Swell Supper: Mediterranean Meets American

by Nov 6th, 2010 // Dinner, Swell Suppers

Swell Supper: Mediterranean Meets American

We hope you are enjoying our Swell Supper Series. On this week’s dinner menu: Balsamic & Tomato Chicken served with Cous Cous Cakes and Dill & Cheddar Popovers followed by Quick Apple Crumble for dessert. It isn’t exactly a one-pot meal but it’s what I like to call a one-oven meal. By adjusting the temperature and cooking time, you can get several elements of the meal done ‘”in one oven.” Start preparing your Swell Supper by peeling apples for this Quick Apple Crumble. Toss them in lemon juice and set aside. Preheat the oven to 375 degrees. Then prepare the Cous Cous Cakes according to the recipe and set aside. (You’ll cook it later.) Meanwhile, prepare this amazingly easy Balsamic & Tomato Chicken recipe. Pop the chicken in the oven and set your timer for 35 minutes. (Note: the chicken recipe calls for cooking at 400 degrees for 20 to 25 minutes, but since we are cooking at 375 it’s going to take more time.)

Once the chicken has cooked for 10 minutes, place the Cous Cous Cakes in the oven as well. (Note: the recipe calls for the Cous Cous Cakes to be cooked at 350 for 30 minutes. Since we are cooking them at 375, we want to cook them for a shorter period of time so as not to over cook.) Place your empty popover pans in the oven to warm up while the other items are cooking. You’ll need them to make these Dill & Cheddar Popovers.

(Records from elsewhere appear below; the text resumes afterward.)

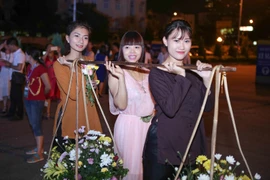 Trong chương trình này, các bạn trẻ sẽ được thử sức mình khi hóa thân vào các cô gái điệu đàng với gánh hàng hoa trên phố. (Ảnh: PV/Vietnam+)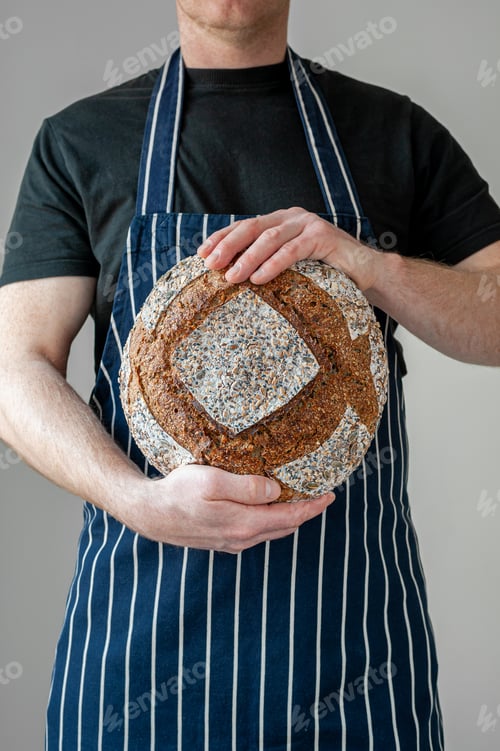 Preview: Close-up at bakers hands holding a loaf of bread in front of him.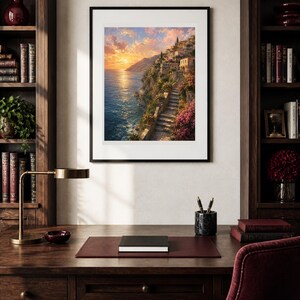 Peut inclure: Une impression d'art mural verticale encadr&eacute;e repr&eacute;sentant un village c&ocirc;tier &agrave; flanc de falaise au coucher du soleil. La sc&egrave;ne montre des escaliers en pierre, des fleurs roses et des b&acirc;timents surplombant une mer bleue sous un ciel dor&eacute;, dans un cadre noir.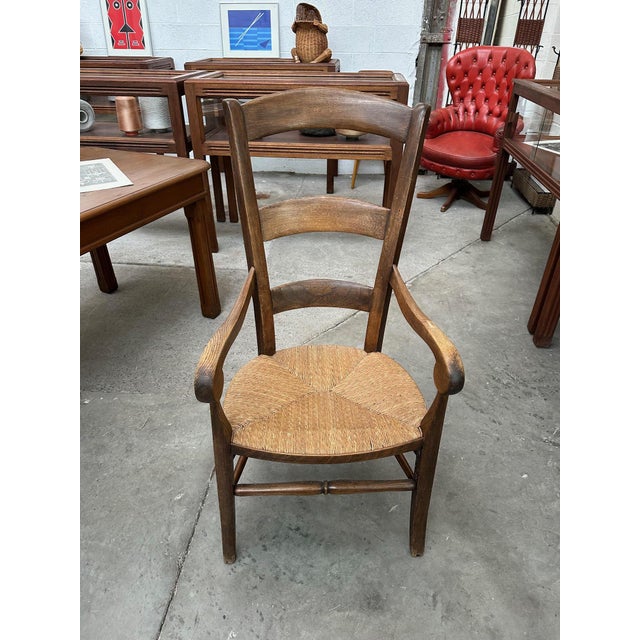 Country armchair in oak High backrest for extra comfort, straw seat in very good condition. Seat height 42 cm I have...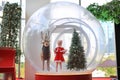 Adorable little child girl in santa costume dress playing in big winter Snow globe with reindeer on christmas time. Merry Xmas and Royalty Free Stock Photo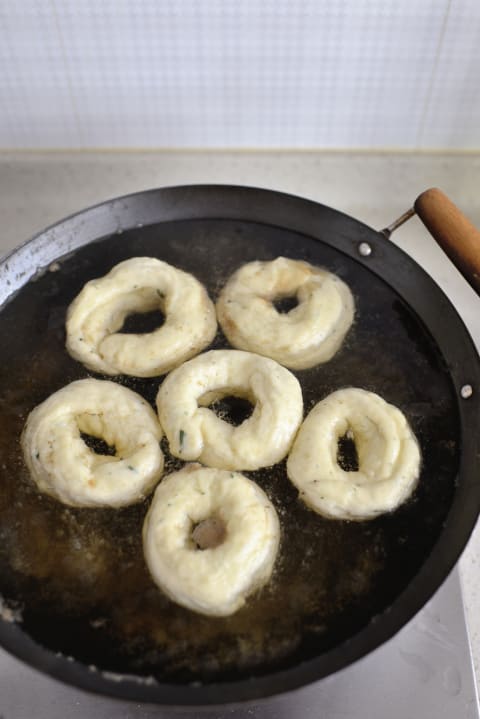 Bagels being boiled.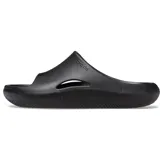 Sandalias tipo slide de una sola pieza, color verde oliva, con diseño ergonómico y contemporáneo. Presentan una abertura lateral en la parte superior y una suela gruesa con textura acanalada.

While the chicken and Cous Cous Cakes are in the oven, prepare the batter according to this Dill & Cheddar Popover recipe. When the chicken timer goes off test to see if it is done by poking it with your finger. If it bounces right back it’s done. Be sure not to over cook – it will still cook when it’s out of the oven! Once set, remove Cous Cous Cakes from the oven and place the tin on top of the stove. (The stove top should be warm due to the heat radiating from your oven. This is a good way to keep things warm.) When the chicken is done remove it from the oven and place on top of the stove top as well. Turn the oven temp up to 425 degrees. Cover the chicken and the Cous Cous Cakes with foil and let rest. Remove the popover pans from the oven, spray them liberally, fill them with batter and return them to the oven. Set your timer for 30 minutes and remember not to peek. Let the Balsamic Chicken rest covered on your stove top for 10 minutes and use the time to assemble the rest of the Quick Apple Crumble.

Set aside the crumble and start plating the Balsamic Chicken and Cous Cous cakes. Put the plates on the table and line a basket with a cloth napkin. Let folks know dinner is ready and by the time they are all seated the Cheddar & Dill Popovers should be ready. Remove from oven when the timer goes off, turn the heat down to 350 degrees and transfer the Cheddar & Dill Popovers to your prepared basket. Place the basket on the table, pop the Quick Apple Crumble in the oven and sit down to enjoy your meal. The crumble should be done by the time you’ve finished eating and started cleaning up. Once the crumble is done, remove it from oven and let rest for a few moments before serving with vanilla ice cream. Now doesn’t that sound swell?

Tomato & Balsamic Roast Chicken.

One Comment on “Swell Supper: Mediterranean Meets American”

  1. 1.) Debbie
    November 7th, 2010

    I knew I recognized that chicken! I have the same Donna Hay cookbook and made that dish a few years ago. I'll have to put it back in the rotation!